This column, from the weekly opinion piece MATTER OF FACT, first appeared on BrooklynReporter.com, the Home Reporter and Spectator dated February 16, 2024
This is the month when state budget talks kick into high gear in Albany, ahead of the mandated deadline for Albany to make their case for state funding in hearings with state legislators.
City Council Speaker Adrienne Adams and Councilman Justin Brannan, chair of the council’s finance committee, sat before legislators on February 6, making the point that with New York City sending over $60 billion in tax revenue to the state, the city deserves the appropriate funding from Albany to keep the state’s economic engine running properly. That means providing the necessary services that enable the residents of the five boroughs to contribute to the city’s successes.
In turn, that means Albany needs to continue to appropriately fund NYCHA, the creation of affordable housing, mental healthcare, 3K, Pre-K, and CUNY. When New Yorkers are able to work, be healthy, learn, have their kids receive free early childhood education, and afford their homes, the entire state succeeds.
Though nearly half the seats in both the state senate and assembly, respectively, cover districts within the five boroughs, it is still necessary to convince legislators from across the state, from the Adirondacks to the Finger lakes to the North County and all points in between, to get behind sending the funding those of us here in the city know we deserve. Speaker Adams and Finance Committee Chair Brannan made that case during their time in Albany. Mayor Adams had a rougher go of it.
The mayor also sat before state legislators in hearings, and though he touched on many areas, he primarily focused on securing more aid to address the migrant crisis, requesting that the state foot the bill for 50 percent of those costs in the coming year. No doubt, the influx of asylees has placed a huge financial burden on the city, but recent revenue estimates that far exceeded the doom-and-gloom projections Adams used to justify massive austerity cuts to every sector of city government – many of which he has now reversed given his incorrect earlier assessments – have only served to cast doubt on the validity of what he now says the city needs from Albany.
Several other decisions from Adams have also caused state lawmakers to question him.

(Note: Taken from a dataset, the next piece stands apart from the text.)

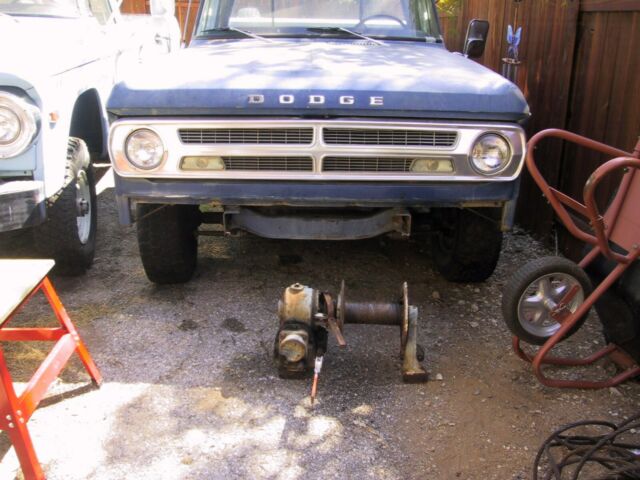 Dodge Power Wagon 1970 image number 16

As he seeks an extension from Albany on mayoral control of city public schools that is set to expire at the end of the school year, Adams was grilled about his cuts to school budgets and apparent unwillingness to take steps to ensure the city complies with the class size caps that must be phased in over five years, as required by state law.

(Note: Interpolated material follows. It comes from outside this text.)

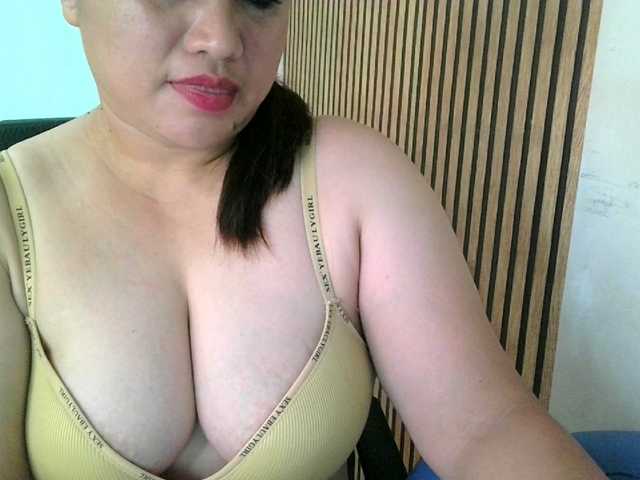 soffia-mae live cam on BongaCams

For years, multiple mayoral administrations stated they could not bring class sizes down to the levels that exist around the rest of the state without additional funding. When Albany finally fully funded foundation aid a few years back, state legislators rightfully expected the city to keep their end of the bargain. After it did not, a state law was passed to mandate the city come into compliance over five years. Adams now says that all happened before his tenure, all while he has gotten increased education funding from Albany and then cut school budgets. If anything is a reason to end mayoral control of city public schools, that is it.
When Adams and his team were asked about this, they hemmed and hawed, bringing up other things that they need to fund. When Senator John Liu asked, “What would come first, schools or jails?” they would not answer, even after being asked a second time.
To reduce class sizes, capacity will need to increase, which obviously requires more money, but Adams has had things going in the opposite direction. Since the class size law was passed in Adams’ first year as mayor, he has cut the capital plan for new school capacity by $2 billion and the portion of capital plan spending on schools has plummeted from 37 percent to 11 percent, all while getting more money from Albany.
Adams was similarly raked over the coals when it came to transportation matters. State mandates required him to build 20 miles of bus lanes in 2022 and 30 in 2023, yet he only oversaw 12.9 and 7.8 in those years. As Assemblyman Mamdani asked Adams, “How can [he] call himself a law and order mayor, when New Yorkers can’t trust [him] to follow the law?”
And if failing to comply with class size and bus lane creation laws did not cast enough of a pall on Adams’ Albany appearances, the morning he made his case to state legislators, federal agents were executing a raid against NYCHA employees in a corruption case, reminiscent of the FBI raid of an Adams campaign fundraiser that occurred the morning he went to D.C. three months ago to plead for federal funding.